Bringing the focus back to linear TV here, this rising tide of subscriptions positions linear TV and especially national broadcasters with locally-relevant content as a welcome break from the paralysing choice and growing costs of OTT subscription services.

Challenge 3: Competing for consumer attention.

The pressure on linear TV isn’t just coming from streaming services. Both are part of a wider competition for the consumer’s free time with other media formats.

Graphic: The competition for free time

Consumers are now clocking up an average of around 2:20 hours per day on social media, rising to around 3 hours among 16-24s. Online and print press, games consoles, music streaming and broadcast radio collectively constitute around 5 hours of a consumer’s day. That’s not including the hour and a quarter spent watching online TV, and the 6 ¾ hours spent online more broadly on a daily basis.

Consumer attention in this crowded environment has become harder to maintain.

Linear TV, does however, have a lot to boast about here. With the exception of social media, linear TV captures the largest share of daily media time among consumers, standing at 18%, significantly above online TV’s 12%. And considering social media engagement happens frequently throughout the day whereas TV engagement is mostly in long durations, that’s an impressive feat.

Challenge 4: Retaining its title in advertising.

The fight for ad spend is another one in which linear TV remains a true heavyweight.

Regardless of age, TV ads consistently appear in the top three sources of brand discovery among consumers.

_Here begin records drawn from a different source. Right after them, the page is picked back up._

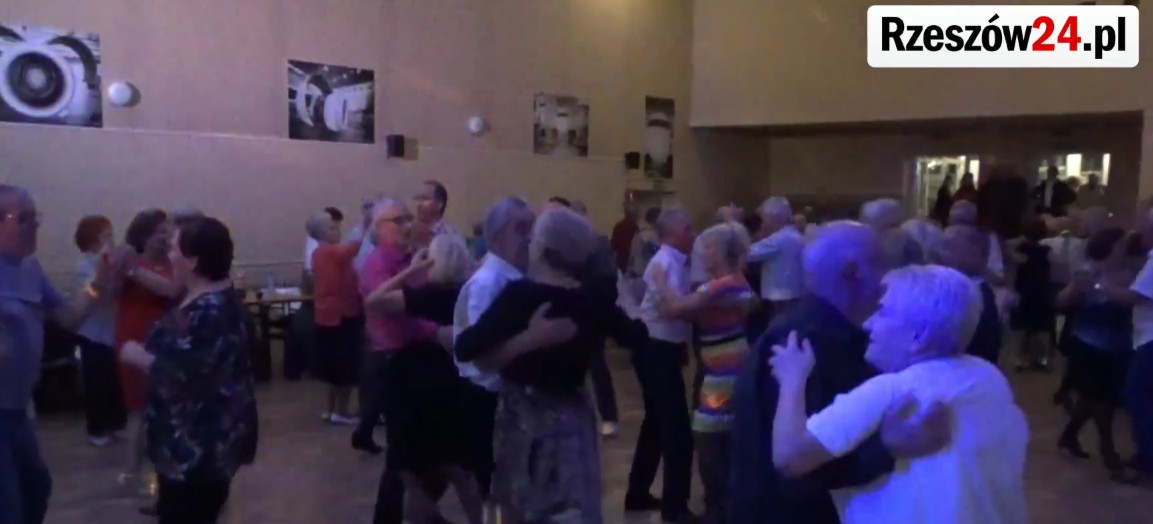Rzeszowscy seniorzy w rytmie największych hitów! (FILM)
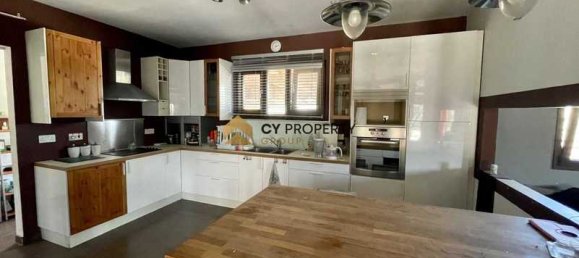 4 Schlafzimmer Haus in Meneou, Cyprus, Nr. 7498 8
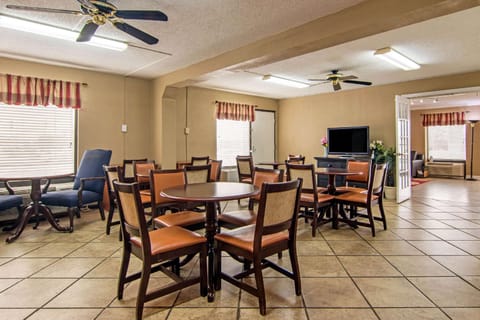 Econo Lodge Madison Airport Hotel in Madison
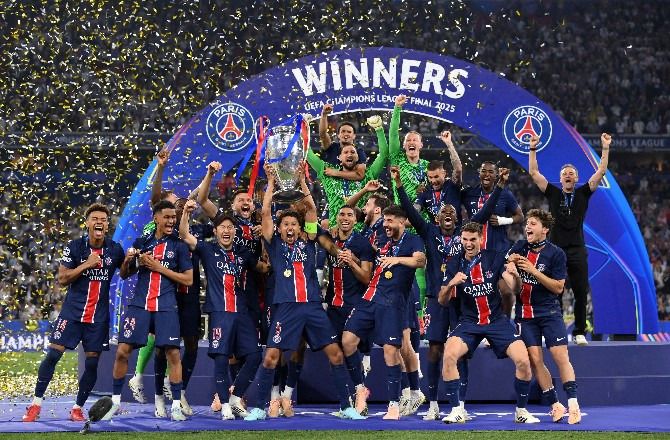  PSG é o atual bicampeão da UEFA Champions League!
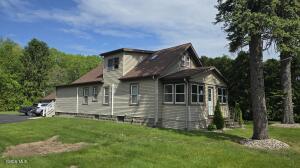 3418 Carman Road Schenectady, NY 12303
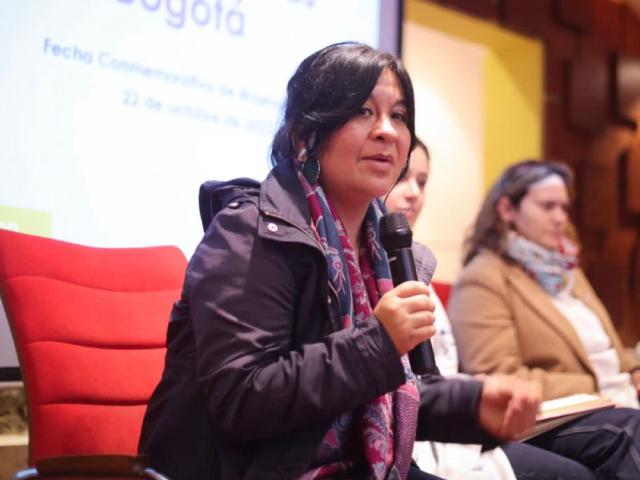 Mujeres adultas de Bogotá en Conmemoración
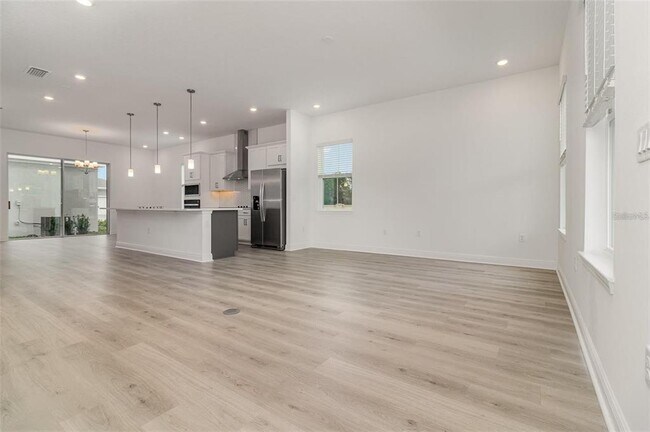 Foto del edificio - 16758 Hamlin Vis Aly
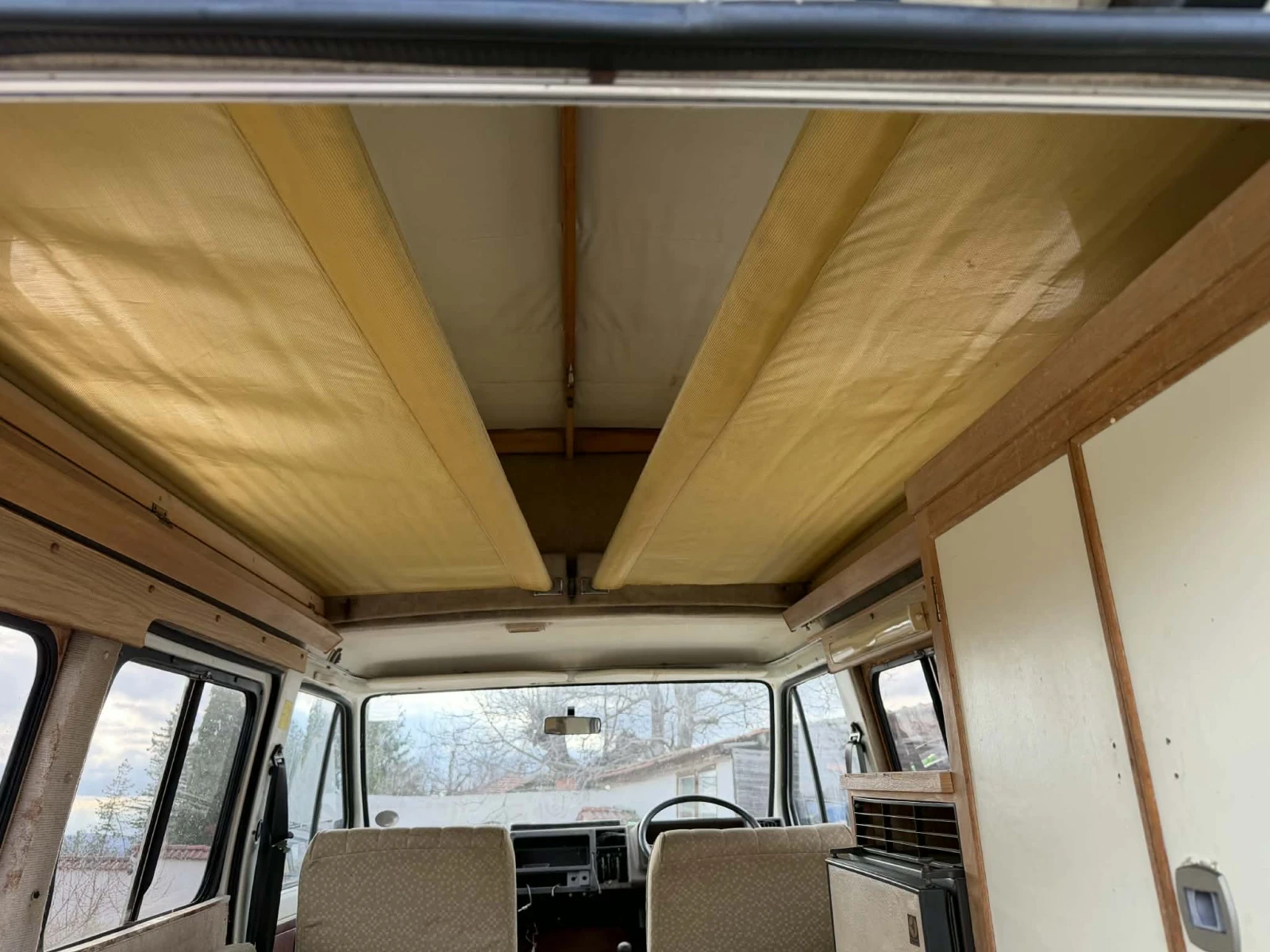 Кемпер Renault Trafic, снимка 10 - Каравани и кемпери - 54045850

This is one of the most powerful examples why linear TV will continue to be a central pillar in the media landscape.

Graphic: Top 3 brand discovery channels by age

Despite having been overtaken by digital ad spend, TV ad spend is still larger than print, outdoor, radio and directories combined.

Commentators often cite TV’s unrivalled reach and the quality of its advertising as proof of its continued relevance, especially considering the rising consumer disillusionment with the state of online advertising manifested in ad-blocking.

Plenty of innovation is on the horizon too, with the adoption of connected TVs ushering in addressable advertising solutions to improve the delivery of ads in the linear TV space.

There’s still a long way to go before addressable advertising saturates the linear TV market, but it’s an important reminder of why we shouldn’t take our eyes off linear TV’s future growth potential.

Against the backdrop of ad-blocking and consumer trust issues with data collection online, addressable advertising and targeting of households instead of individuals without having to deal with personally identifiable information (PII) could prove a real asset.